Extrait de Some Desperate Glory (journal d’Edwin Campion Vaughan), 1981 :
12 août. Dimanche. Un peu avant midi, nous avons tout à coup reçu l’ordre de nous rapprocher des premières lignes. Après avoir fait notre paquetage en toute hâte, nous nous sommes mis en route à deux heures et demie. Direction Pop (1) puis la route d’Ypres. J’avais les nerfs à vif, incapable de parler parce que trop nerveux, enivré par l’authentique atmosphère de la guerre. Nous faisions désormais partie du flot incessant qui s’en allait gonfler l’immense réservoir situé derrière Ypres, en attendant d’être lâchés en bloc, hommes, canons et obus, sur les lignes ennemies.
Haut dans le ciel, de petites formations d’aéroplanes décrivaient des cercles au milieu des jolies fumées roses des shrapnels. De chaque côté de la route, ce n’était que peupliers brisés et champs dévastés, et venant à notre rencontre des files traînantes d’ambulances et de troupes fatiguées. Après un peu plus d’un kilomètre, nous avons pris à gauche vers Dirty Bucket Corner, où nous avons fait une brève halte devant le bois qui abritait notre camp. C’était un camp miteux composé de bivouacs, de tentes, de baraques et d’abris bâchés où les hommes s’entassaient du mieux qu’ils pouvaient. Notre mess, qui était également l’endroit où nous dormions, était situé dans une petite cahute où il y avait seulement une table et quelques banquettes. L’endroit était sinistre avec ses trous d’obus et ses arbres déchiquetés, témoignages de l’attention que nous portaient les artilleurs allemands. Les arbres cachaient une grande concentration de chars, et le nom du camp n’était autre que Slaughter Wood ! (2)
(1) Poperinghe
(2) Le bois du carnage.
13 août. Nous avons appris ce matin que nous allions regagner la ligne demain et que le 16 nous épaulerions un bataillon d’Irish Rifles à Saint-Julien. L’imminence de l’attaque m’a d’abord rempli de frayeur. Je tremblais comme une feuille, incapable dans un premier temps de participer à la moindre discussion avec mes hommes. Mais après avoir examiné la carte et transmis les renseignements à ma section, je suis redevenu calme. Avant que n’arrive midi, nous avons pris connaissance de tous les détails du terrain et reçu, par erreur, des tenues de seconde classe. (…)
15 août Cette nuit, je n’ai pas réussi à dormir, je pensais sans cesse à l’attaque qui viendrait sous peu, m’imaginant déchiqueté par un obus ou gravement blessé en plein milieu des barbelés. J’ai dû attendre l’aube pour plonger dans le sommeil.

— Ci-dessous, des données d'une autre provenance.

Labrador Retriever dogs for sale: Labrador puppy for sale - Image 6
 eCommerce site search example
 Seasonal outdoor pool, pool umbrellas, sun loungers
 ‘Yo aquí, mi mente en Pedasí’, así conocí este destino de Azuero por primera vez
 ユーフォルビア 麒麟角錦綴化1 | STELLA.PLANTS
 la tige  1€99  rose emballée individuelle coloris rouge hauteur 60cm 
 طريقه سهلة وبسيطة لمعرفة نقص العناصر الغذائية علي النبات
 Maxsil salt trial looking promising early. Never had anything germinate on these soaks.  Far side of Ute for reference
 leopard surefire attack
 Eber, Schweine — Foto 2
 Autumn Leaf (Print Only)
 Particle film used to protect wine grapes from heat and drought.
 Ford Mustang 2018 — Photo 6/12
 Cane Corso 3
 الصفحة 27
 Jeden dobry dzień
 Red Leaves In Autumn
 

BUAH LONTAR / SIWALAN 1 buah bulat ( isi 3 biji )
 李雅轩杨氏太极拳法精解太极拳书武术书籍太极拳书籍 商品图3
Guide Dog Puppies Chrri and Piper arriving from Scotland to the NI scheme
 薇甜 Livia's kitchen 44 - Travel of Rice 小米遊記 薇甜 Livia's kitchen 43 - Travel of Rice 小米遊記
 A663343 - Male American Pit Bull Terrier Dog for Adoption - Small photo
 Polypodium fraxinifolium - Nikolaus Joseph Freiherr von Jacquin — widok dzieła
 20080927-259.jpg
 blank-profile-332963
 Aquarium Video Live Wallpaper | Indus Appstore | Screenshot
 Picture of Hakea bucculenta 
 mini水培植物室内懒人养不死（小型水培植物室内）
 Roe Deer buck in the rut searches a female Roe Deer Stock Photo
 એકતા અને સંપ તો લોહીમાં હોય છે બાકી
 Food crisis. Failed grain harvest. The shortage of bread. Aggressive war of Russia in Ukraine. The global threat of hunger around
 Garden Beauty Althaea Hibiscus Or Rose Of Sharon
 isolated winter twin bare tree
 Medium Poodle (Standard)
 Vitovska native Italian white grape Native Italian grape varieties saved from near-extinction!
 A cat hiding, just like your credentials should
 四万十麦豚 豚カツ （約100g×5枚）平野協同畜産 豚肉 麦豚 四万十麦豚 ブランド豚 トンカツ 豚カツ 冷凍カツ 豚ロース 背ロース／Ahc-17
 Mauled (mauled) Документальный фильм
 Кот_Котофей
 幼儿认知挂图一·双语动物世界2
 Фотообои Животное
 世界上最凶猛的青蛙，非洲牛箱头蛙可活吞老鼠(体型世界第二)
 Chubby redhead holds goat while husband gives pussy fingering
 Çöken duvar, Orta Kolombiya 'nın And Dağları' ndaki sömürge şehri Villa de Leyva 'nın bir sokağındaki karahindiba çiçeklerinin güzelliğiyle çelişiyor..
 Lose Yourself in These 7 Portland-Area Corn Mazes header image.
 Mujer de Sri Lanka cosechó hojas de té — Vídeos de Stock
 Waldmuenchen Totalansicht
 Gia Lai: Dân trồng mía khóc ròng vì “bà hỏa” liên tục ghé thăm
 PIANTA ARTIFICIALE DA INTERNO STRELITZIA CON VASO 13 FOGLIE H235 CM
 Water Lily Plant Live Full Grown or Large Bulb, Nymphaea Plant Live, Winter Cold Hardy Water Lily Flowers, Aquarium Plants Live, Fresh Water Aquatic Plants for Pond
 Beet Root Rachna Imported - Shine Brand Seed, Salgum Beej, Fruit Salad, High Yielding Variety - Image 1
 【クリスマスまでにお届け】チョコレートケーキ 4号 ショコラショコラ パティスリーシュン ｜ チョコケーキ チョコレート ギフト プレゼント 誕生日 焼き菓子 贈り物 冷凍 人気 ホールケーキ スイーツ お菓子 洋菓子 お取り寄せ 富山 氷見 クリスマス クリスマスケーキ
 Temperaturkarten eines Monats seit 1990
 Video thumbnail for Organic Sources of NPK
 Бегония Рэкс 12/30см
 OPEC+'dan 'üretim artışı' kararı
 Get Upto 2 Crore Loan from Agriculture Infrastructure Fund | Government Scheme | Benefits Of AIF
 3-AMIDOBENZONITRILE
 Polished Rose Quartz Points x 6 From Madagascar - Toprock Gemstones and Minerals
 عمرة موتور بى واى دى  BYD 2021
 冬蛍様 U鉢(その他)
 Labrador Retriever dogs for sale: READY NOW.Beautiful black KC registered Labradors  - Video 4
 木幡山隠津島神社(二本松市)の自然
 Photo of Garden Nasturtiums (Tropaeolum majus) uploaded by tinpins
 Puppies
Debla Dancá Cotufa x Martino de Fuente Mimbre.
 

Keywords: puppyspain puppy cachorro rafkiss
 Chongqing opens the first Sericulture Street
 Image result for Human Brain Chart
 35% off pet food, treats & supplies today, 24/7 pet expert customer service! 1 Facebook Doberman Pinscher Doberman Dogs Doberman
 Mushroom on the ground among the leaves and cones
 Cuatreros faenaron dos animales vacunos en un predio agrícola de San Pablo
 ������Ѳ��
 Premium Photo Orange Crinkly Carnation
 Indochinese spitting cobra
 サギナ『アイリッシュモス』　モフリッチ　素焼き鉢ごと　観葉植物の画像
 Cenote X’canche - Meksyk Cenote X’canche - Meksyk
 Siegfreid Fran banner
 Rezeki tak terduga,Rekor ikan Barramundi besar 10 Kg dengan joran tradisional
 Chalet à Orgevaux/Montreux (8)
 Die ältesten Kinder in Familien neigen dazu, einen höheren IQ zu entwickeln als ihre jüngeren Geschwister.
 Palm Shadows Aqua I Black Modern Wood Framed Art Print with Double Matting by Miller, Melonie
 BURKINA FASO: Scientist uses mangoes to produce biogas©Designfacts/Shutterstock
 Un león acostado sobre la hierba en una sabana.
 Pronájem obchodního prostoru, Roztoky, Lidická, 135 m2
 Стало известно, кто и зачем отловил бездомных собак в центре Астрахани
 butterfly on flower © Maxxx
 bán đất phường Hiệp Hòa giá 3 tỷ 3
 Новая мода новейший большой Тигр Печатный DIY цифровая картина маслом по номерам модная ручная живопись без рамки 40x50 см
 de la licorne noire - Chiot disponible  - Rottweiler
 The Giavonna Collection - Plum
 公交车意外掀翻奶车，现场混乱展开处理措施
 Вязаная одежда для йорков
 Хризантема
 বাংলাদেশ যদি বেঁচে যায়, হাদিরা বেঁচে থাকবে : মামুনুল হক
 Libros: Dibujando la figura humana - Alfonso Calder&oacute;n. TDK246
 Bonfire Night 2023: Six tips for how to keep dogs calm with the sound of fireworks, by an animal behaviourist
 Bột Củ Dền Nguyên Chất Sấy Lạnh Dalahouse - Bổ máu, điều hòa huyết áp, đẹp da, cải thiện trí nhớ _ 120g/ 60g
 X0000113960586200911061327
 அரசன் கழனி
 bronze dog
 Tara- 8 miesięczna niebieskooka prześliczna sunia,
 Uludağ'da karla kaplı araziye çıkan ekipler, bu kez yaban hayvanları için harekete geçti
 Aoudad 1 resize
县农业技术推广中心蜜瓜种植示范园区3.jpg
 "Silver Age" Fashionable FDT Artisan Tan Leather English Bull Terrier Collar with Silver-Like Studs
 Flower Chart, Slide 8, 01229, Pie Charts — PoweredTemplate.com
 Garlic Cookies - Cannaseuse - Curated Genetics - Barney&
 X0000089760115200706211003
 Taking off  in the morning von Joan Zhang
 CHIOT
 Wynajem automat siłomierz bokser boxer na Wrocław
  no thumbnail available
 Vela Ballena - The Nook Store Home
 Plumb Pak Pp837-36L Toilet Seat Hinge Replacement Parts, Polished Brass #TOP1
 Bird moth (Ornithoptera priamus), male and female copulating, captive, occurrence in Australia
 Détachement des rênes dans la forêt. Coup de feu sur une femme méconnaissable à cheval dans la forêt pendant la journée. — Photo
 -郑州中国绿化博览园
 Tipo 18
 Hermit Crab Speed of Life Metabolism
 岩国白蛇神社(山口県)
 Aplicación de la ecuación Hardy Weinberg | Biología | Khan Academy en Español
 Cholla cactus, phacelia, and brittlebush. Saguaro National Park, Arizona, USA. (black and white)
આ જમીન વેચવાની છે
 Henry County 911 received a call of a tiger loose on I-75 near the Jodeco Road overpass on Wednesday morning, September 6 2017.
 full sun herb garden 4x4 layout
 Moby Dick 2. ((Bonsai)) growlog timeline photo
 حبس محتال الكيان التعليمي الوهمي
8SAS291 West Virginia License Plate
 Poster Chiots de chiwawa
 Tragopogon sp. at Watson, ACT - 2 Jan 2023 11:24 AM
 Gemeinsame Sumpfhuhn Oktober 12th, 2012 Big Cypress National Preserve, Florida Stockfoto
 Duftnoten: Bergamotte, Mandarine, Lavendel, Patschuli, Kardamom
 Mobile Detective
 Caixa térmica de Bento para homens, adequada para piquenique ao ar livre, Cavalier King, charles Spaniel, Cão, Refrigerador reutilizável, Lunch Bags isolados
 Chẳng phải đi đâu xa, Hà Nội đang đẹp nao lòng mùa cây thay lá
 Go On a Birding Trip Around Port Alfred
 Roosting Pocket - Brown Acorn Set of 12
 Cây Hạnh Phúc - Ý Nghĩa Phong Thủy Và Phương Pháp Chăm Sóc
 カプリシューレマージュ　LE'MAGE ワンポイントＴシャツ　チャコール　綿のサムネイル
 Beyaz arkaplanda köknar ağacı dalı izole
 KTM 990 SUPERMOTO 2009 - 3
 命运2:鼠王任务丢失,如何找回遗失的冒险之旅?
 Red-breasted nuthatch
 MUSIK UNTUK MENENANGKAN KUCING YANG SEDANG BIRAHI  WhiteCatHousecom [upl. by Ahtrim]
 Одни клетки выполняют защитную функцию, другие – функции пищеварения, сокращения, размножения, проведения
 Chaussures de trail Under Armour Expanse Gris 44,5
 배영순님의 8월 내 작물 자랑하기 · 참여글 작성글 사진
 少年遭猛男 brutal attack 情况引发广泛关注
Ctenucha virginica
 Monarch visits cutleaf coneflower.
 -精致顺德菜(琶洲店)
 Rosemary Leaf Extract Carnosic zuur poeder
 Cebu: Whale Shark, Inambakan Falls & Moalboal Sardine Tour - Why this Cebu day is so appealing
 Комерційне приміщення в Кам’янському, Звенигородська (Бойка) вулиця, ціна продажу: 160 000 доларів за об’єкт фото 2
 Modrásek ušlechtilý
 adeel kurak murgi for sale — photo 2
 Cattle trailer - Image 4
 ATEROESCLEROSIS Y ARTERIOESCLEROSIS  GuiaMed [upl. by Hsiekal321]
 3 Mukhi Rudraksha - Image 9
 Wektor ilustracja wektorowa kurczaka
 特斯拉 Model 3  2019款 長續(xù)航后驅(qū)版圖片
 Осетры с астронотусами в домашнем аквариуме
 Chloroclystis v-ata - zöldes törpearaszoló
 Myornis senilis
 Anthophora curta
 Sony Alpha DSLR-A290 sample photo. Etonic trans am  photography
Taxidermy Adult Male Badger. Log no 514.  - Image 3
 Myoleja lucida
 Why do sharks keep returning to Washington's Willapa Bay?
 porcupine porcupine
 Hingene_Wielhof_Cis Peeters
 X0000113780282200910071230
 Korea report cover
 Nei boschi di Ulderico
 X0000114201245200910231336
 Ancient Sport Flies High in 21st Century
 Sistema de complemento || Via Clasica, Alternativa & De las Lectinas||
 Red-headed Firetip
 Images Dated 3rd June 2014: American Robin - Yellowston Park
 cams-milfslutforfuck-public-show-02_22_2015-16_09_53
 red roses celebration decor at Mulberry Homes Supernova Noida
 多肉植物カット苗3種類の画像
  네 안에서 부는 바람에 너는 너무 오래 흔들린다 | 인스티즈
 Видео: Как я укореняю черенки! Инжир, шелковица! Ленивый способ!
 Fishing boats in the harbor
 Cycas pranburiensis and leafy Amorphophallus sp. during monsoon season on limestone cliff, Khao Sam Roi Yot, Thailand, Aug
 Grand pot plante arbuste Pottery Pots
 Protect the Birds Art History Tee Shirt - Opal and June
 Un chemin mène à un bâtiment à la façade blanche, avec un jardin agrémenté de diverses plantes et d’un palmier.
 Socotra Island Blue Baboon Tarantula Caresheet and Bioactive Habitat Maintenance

J’ai ainsi dormi par intermittence jusqu’à neuf heures.
La journée a été bien remplie : inspection des masques à gaz, fusils, mitrailleuses Lewis, pansements individuels, vivres de réserve, plaques d’identité, etc. Nous nous efforcions de plaisanter avec les hommes malgré l’appréhension qui rongeait et paralysait nos esprits. En début de soirée, j’ai enfilé mon uniforme de Tommy et j’ai préparé ce qu’il fallait pour pouvoir faire face à toute éventualité : lacets de rechange et ficelle dans une poche, crayons dans une autre, ciseaux dans la pochette de pansement, vivres et cigarettes dans mon havresac, cartes et plans codés camouflés dans la sacoche du masque respiratoire ainsi qu’une poignée de balles pour mon revolver. Je me suis assuré que mon chapelet était bien cousu à l’intérieur de ma tunique avec la pièce d’un souverain que Mary m’avait donnée comme porte-bonheur et j’ai également vérifié que mes médailles religieuses, ainsi que ma plaque d’identité, étaient bien attachées à mes bretelles. Nous avons donné notre argent et nos beaux étuis à cigarettes au sergent-major Braham pour que les Allemands ne puissent pas en profiter s’il nous arrivait quelque chose. Puis nous nous sommes mêlés aux hommes et nous avons parlé avec désinvolture de la grande affaire du lendemain.